LISTED ENTRIES:
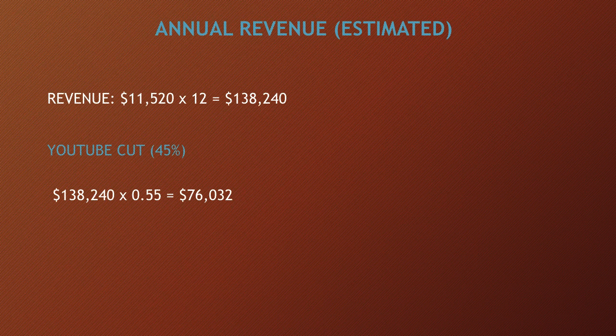Annual revenue, this is going to be an estimate. $11,520 multiplied by 12, and you get $138,240.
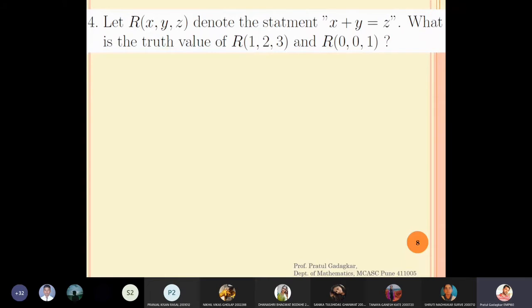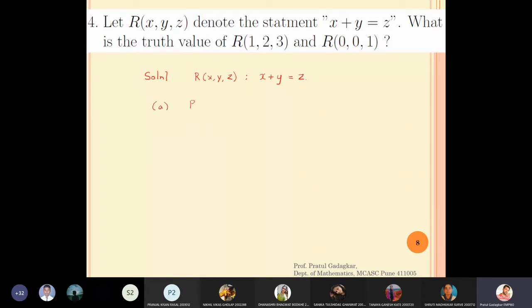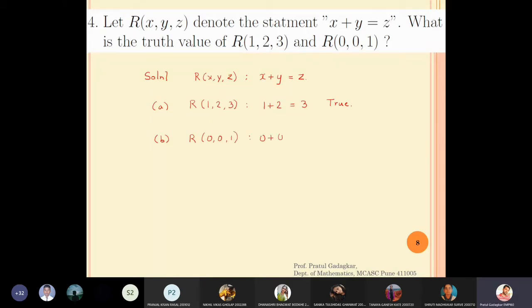Let R(x, y, z) denote the statement x + y = z. For R(1, 2, 3): 1 + 2 = 3, which is true. For R(0, 0, 1): 0 + 0 = 1, which is clearly false.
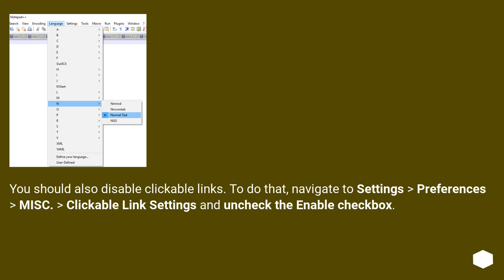You should also disable clickable links. To do that, navigate to Settings, Preferences, Miscellaneous, Clickable link settings, and uncheck the enable checkbox.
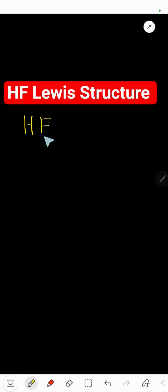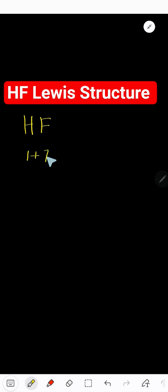Hydrogen fluoride Lewis structure. Hydrogen has one valence electron and fluorine has seven valence electrons, so totally we have eight valence electrons.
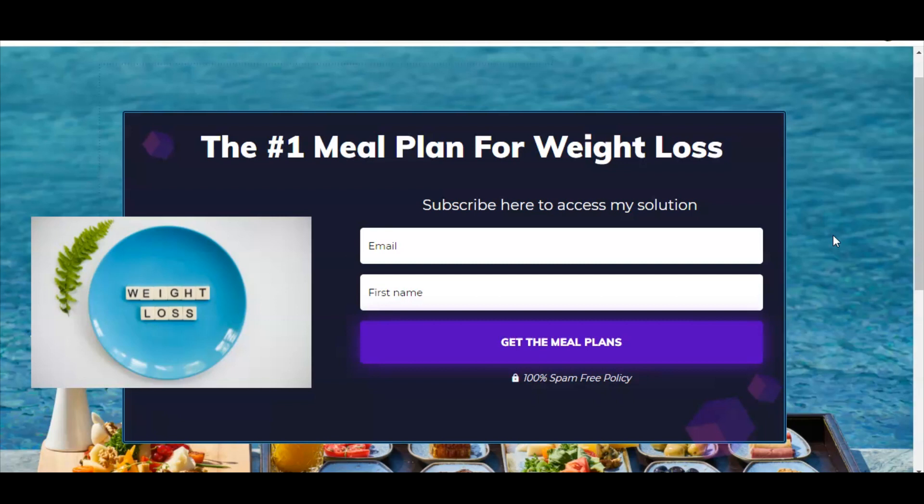So again, if you want to start using this tool and creating landing pages super quickly, just go to builderallspecial.com. If you enjoyed this video, make sure you hit the like button and subscribe to the channel and ring the bell for more affiliate marketing related content. We'll see you in the next one. Happy marketing.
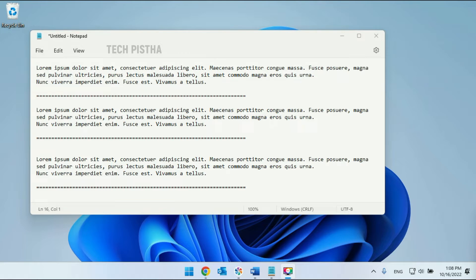Sometimes people would like to add the date and time when they write information on Notepad. In this situation, how can they add the timestamp on Notepad? Let's learn how you can do this.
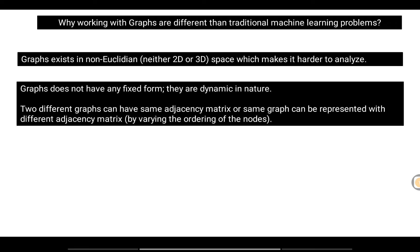The second reason is that graphs don't have a fixed form — they are dynamic in nature. Two different graphs can have the same adjacency matrix, and the same graph can be represented with different adjacency matrices by varying the ordering of nodes. This means changing the node order can affect the output, which is a problem.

EXERCISE INSTRUCTIONS: What is needed is an exact repeat of only the lines from the one containing "You should also" through the last line of the listing above, both ends included, without the pictures.

SOLUTION FOR THIS PROBLEM:
You should also disable clickable links. To do that, navigate to Settings, Preferences, Miscellaneous, Clickable link settings, and uncheck the enable checkbox.
Hydrogen fluoride Lewis structure. Hydrogen has one valence electron and fluorine has seven valence electrons, so totally we have eight valence electrons.
So again, if you want to start using this tool and creating landing pages super quickly, just go to builderallspecial.com. If you enjoyed this video, make sure you hit the like button and subscribe to the channel and ring the bell for more affiliate marketing related content. We'll see you in the next one. Happy marketing.
Sometimes people would like to add the date and time when they write information on Notepad. In this situation, how can they add the timestamp on Notepad? Let's learn how you can do this.
The second reason is that graphs don't have a fixed form — they are dynamic in nature. Two different graphs can have the same adjacency matrix, and the same graph can be represented with different adjacency matrices by varying the ordering of nodes. This means changing the node order can affect the output, which is a problem.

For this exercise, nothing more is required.